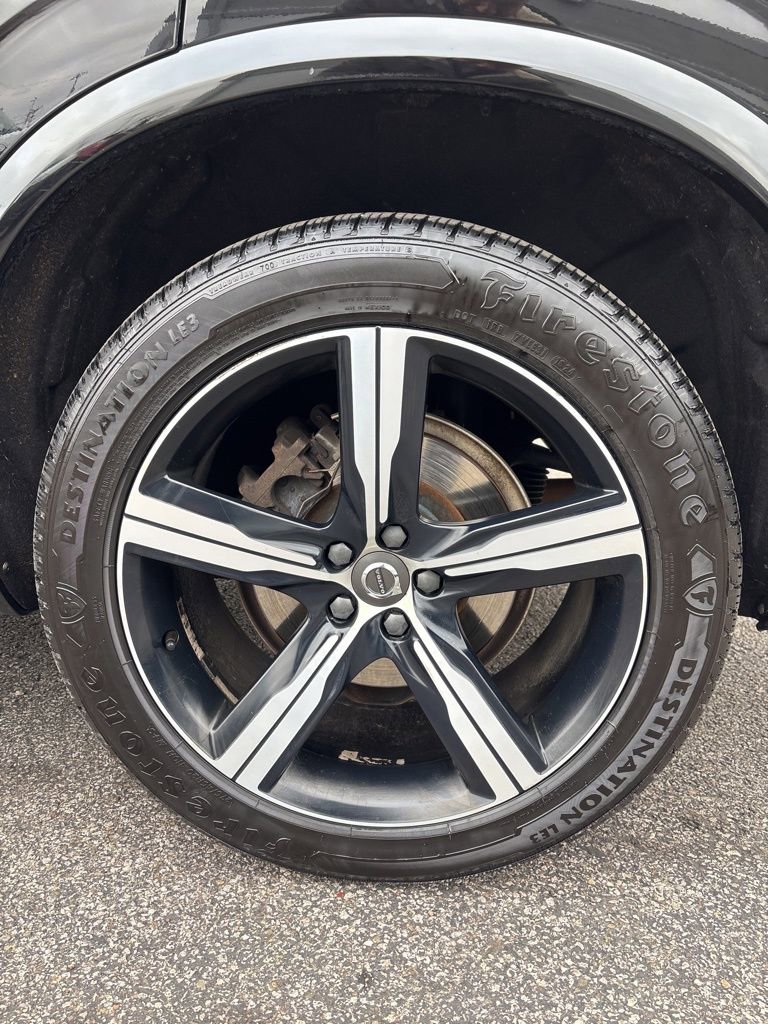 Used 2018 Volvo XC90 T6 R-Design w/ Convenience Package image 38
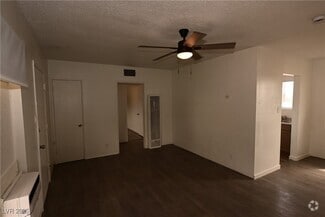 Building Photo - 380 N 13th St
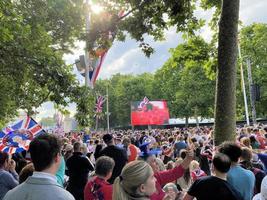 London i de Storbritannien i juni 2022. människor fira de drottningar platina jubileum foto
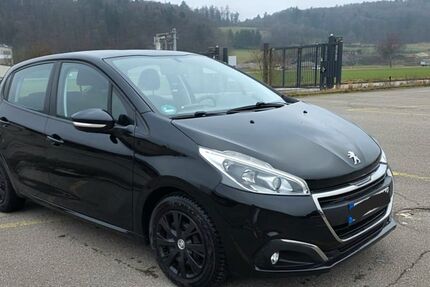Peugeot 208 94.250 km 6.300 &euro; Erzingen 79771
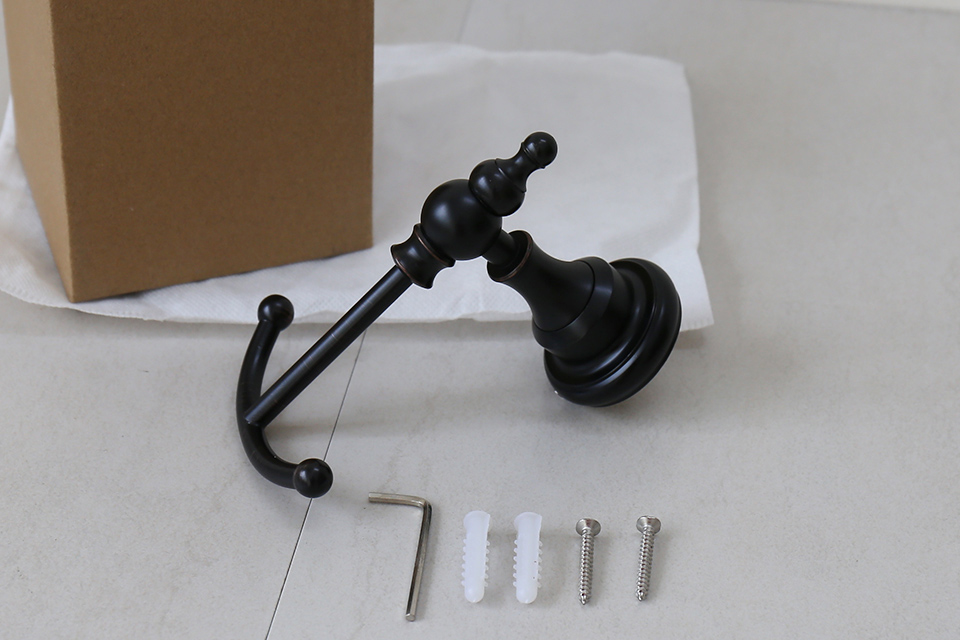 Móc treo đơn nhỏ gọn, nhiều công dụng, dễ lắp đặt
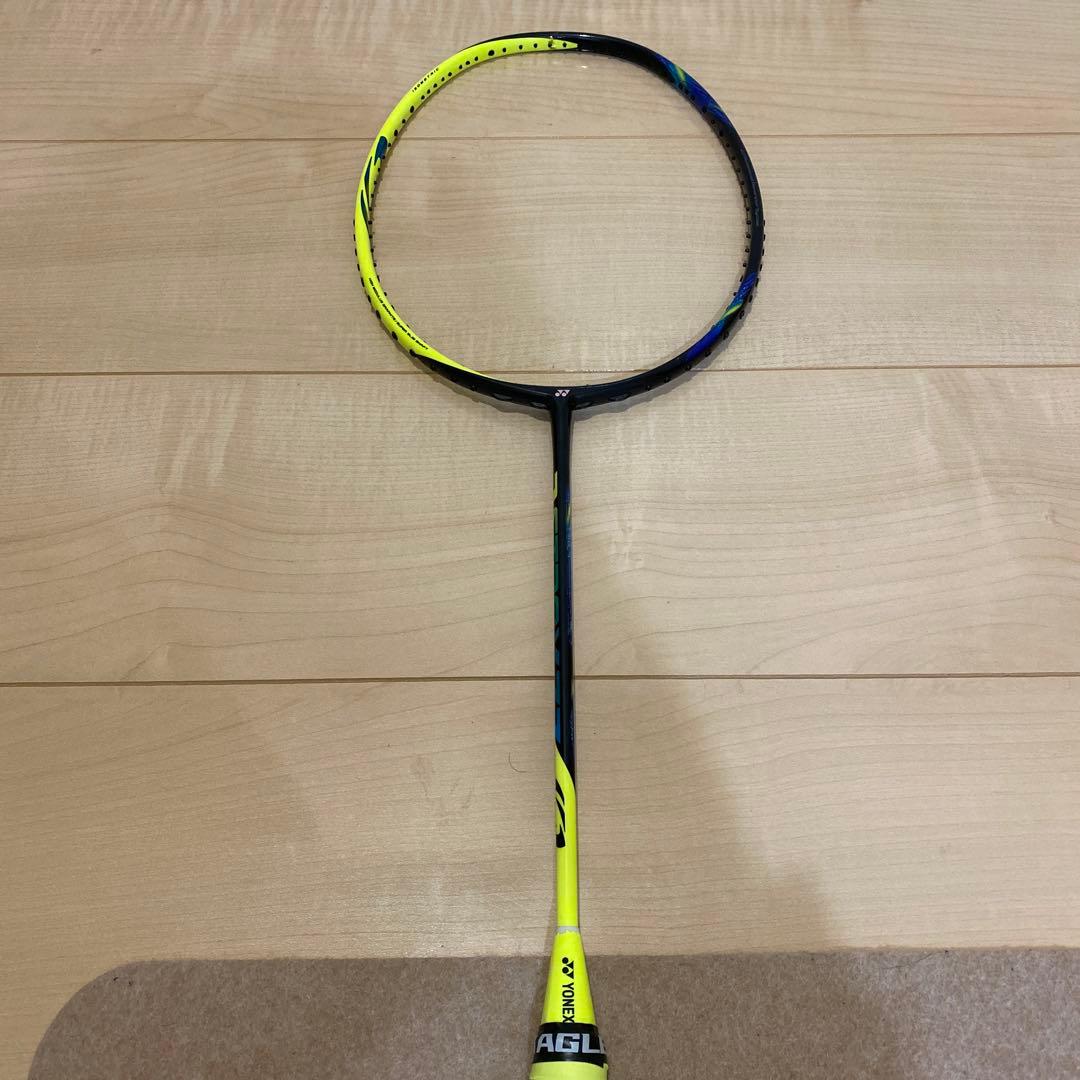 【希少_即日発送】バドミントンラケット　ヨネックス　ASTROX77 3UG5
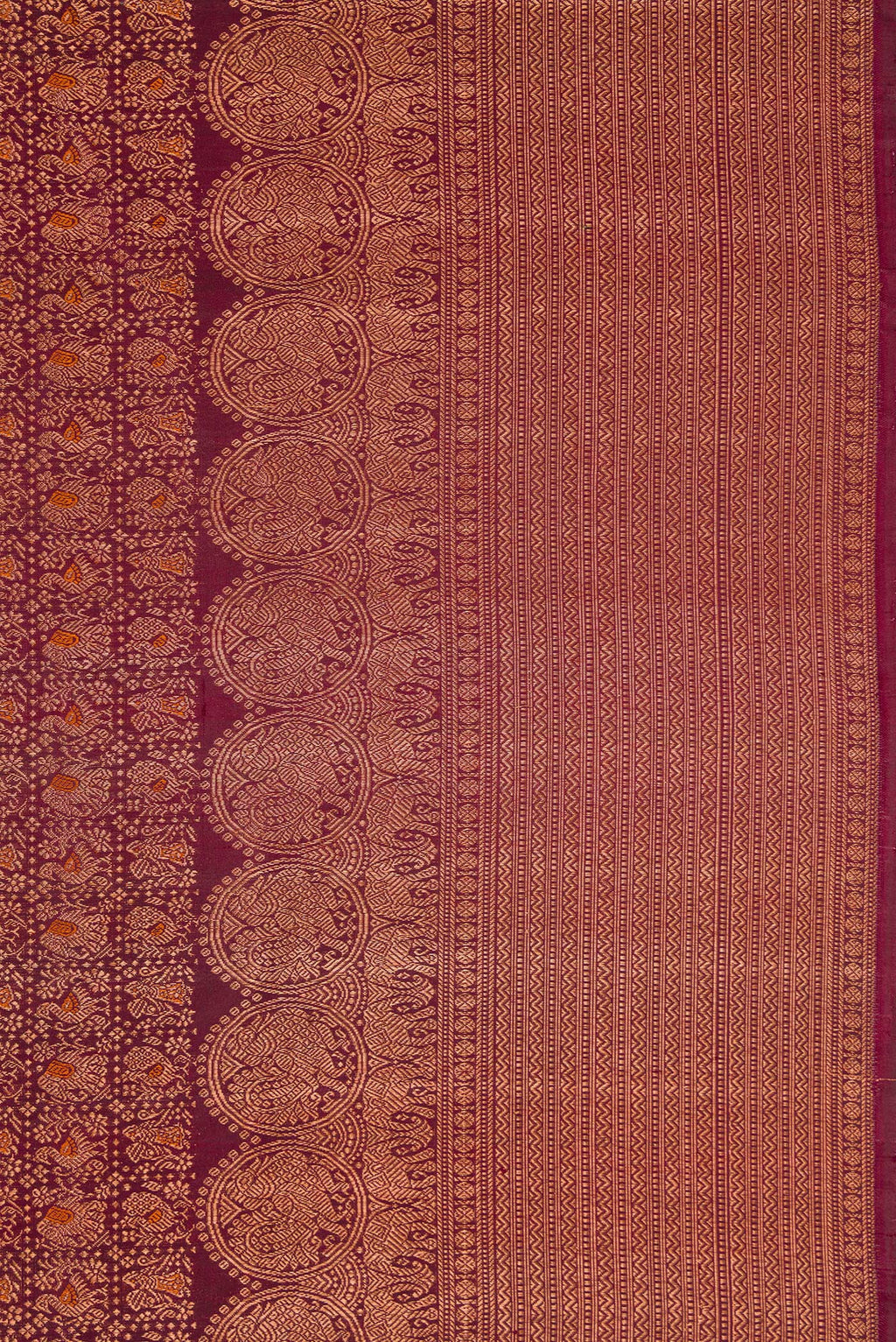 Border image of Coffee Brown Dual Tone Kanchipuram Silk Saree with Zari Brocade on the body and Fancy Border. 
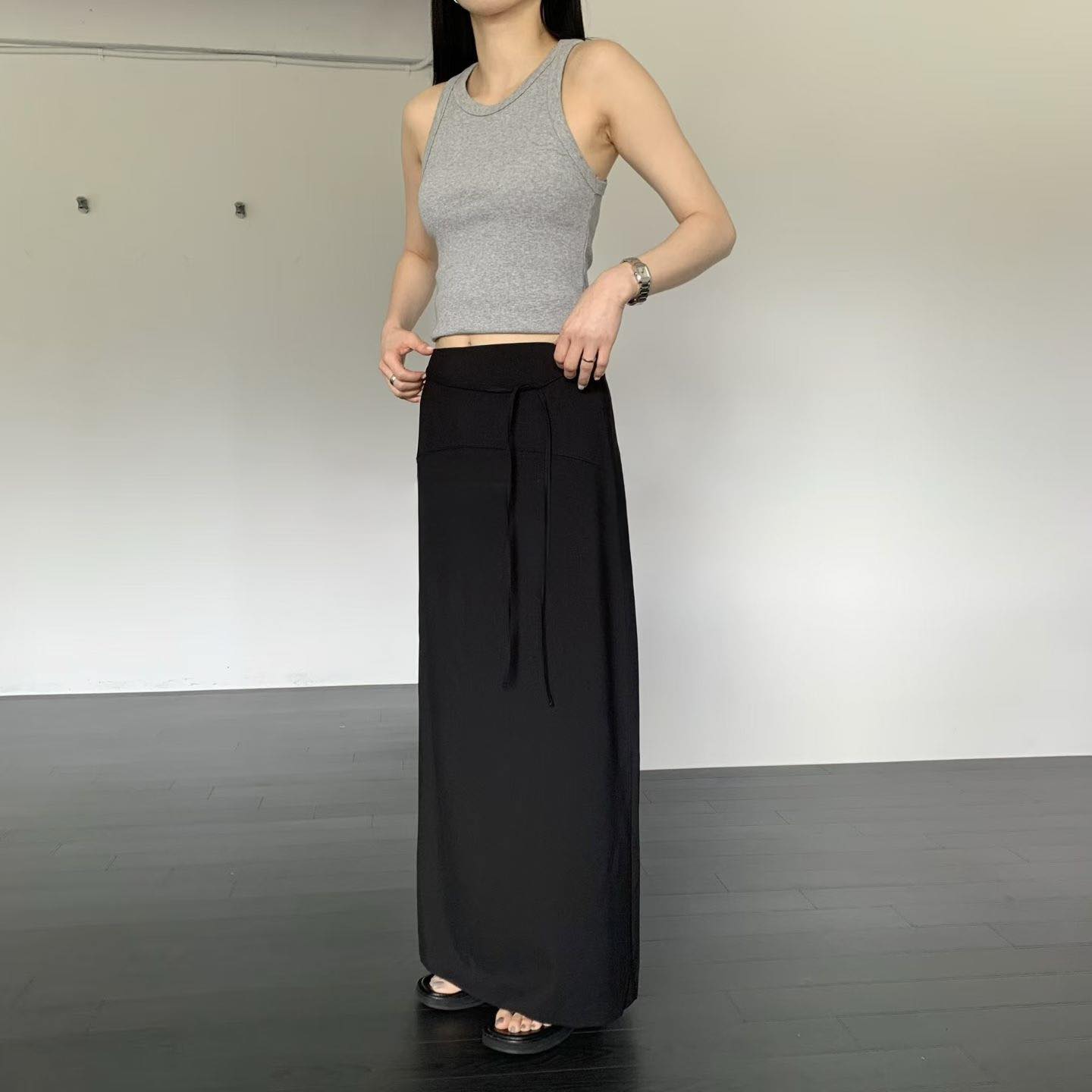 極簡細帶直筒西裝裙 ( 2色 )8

------

== Task description ==
Would you restate, word for word, the lines from the one holding "Peugeot 208 94.250" through the end of the material above? Omit the pictures.

== Task answer ==
Peugeot 208 94.250 km 6.300 &euro; Erzingen 79771
 Móc treo đơn nhỏ gọn, nhiều công dụng, dễ lắp đặt
 【希少_即日発送】バドミントンラケット　ヨネックス　ASTROX77 3UG5
 Border image of Coffee Brown Dual Tone Kanchipuram Silk Saree with Zari Brocade on the body and Fancy Border. 
 極簡細帶直筒西裝裙 ( 2色 )8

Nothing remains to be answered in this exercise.